Serving the High Plains
I used to think lawyers had to have above-average intelligence and more than their share of common sense.
Now, I see an army of attorneys spouting mindless conspiracy theories and ignoring mountains of evidence to the contrary as they file more than 50 doomed lawsuits in an attempt to overturn an election their client, President Donald Trump, lost fair and square last month.
Lawyers have never had the reputation for operating ethically, although most attorneys I know do conduct their affairs with honor.
The cynic in me, and I assume in Trump’s legal team, sees legal fees piling up as Trump’s legal vultures write fiction worthy of surrealist Franz Kafka in the form of legal briefs. Maybe they’re just feeding their legal training like quarters into a slot machine hoping for a triple-7 jackpot that would cement their reputations and bring astronomical hourly rates for their future services.
Or maybe they want to be remembered in Trump’s will.
Maybe, but I think they may be uniting to suspend our democracy.
If they were defending democracy, they would say “no” to the opportunity to represent a 74-year-old child who is having a screaming fit because democratic reality isn’t fair.
Instead of recoiling from the unseemly spectacle of a willfully ignorant tycoon playing the blubbering victim, Trump’s unexplainably huge base is patting him on the shoulder and saying, “there, there” in genuine sympathy.
The lawyers who have rushed to the side of The Donald’s tear-stained face should know better, and I have to conclude that their support of Trump is motivated in part by contempt for the will of mere voters.
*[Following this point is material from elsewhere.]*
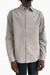 Cotton poplin shirt in white — image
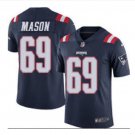 Men's Patriots 69 Shaq Mason Color Rush Limited Jersey navy blue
They do not want the U.S. to continue as a democracy.
In their defense, most of Trump’s base truly believes he is the small-d democratic choice. We have become so polarized that Democrats and Trumpists only acknowledge those who agree with their views. They follow the lead of the Congress in shutting out the other side.
If you do not acknowledge the existence, let alone the humanity, of the opposition, you cannot accept their victory.
Lawyers, however, should know better, and I submit Trump’s attorneys do.
Most are well-versed in history. They should see the parallels between the rise of past totalitarian regimes and the patterns that Trump has established in his first term.
Like past autocrats, Trump tells his faithful flock he alone can achieve their goals. Like them, he brooks no criticism. Like them, he purges anyone who disagrees with him, especially if they know more than he does. Like them, he encourages armed goons to threaten violence in his name. Like them, he bulldozes established norms and Constitutional limits on his power.
Trump’s lawyers cannot have missed this. Maybe they are jockeying for positions in what I fear could become the equivalent of Vichy France, the Nazi regime that ruled normally democratic France during World War II.
But I will warn them that if they achieve this improbable success, advocates of democracy will unite as they did in WWII to undermine and overwhelm their illegitimate rule.